Emblematic of this problem are the computer-animated battle scenes. CGI presents all kinds of opportunities for space combat scenes—just watch Battlestar Galactica for proof—and none of them are taken here, with directors Dong-Wook Lee and Tommy Yune opting instead for a "more of everything" approach instead of actually choreographing the battles. If anything, the scenes here make you admire the hand-drawn work in the original series all the more. Demerits, too, for the unnecessary and fan-service T&A, which not only includes two female characters on a warship's bridge in skintight outfits that display awe-inspiring cleavage, but two shots of women with their butts sticking up in the air.

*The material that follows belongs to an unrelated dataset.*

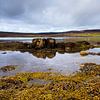 Ebbe am Loch Greshornish, Isle-of-Skye Schottland von Remco Bosshard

But the real problem with The Shadow Chronicles is that it spends too much time just doing stuff, rather than fleshing out characters. Marcus, a new character and a hotshot pilot clearly destined to be the focal character, is a complete cipher. He's got a thing for his commanding officer, the half-Zentraedi Maia Sterling, he's still mourning the loss of his sister Marlene (killed at the opening of the TV series' third part), and... that's it. Outside of that, the three things to look forward to in this movie are Louie Nichols's dialogue, especially in scenes with commanding officer Vince Grant; catching obscure Robotech and anime in-jokes; and finding out more about what kind of alien threat will bedevil our heroes now. Frankly, that's pretty thin. Robotech: The Shadow Chronicles is better than The Untold Story and Sentinels, but that's damning with faint praise; they'll have to do better if they want us to keep watching this new story unfold.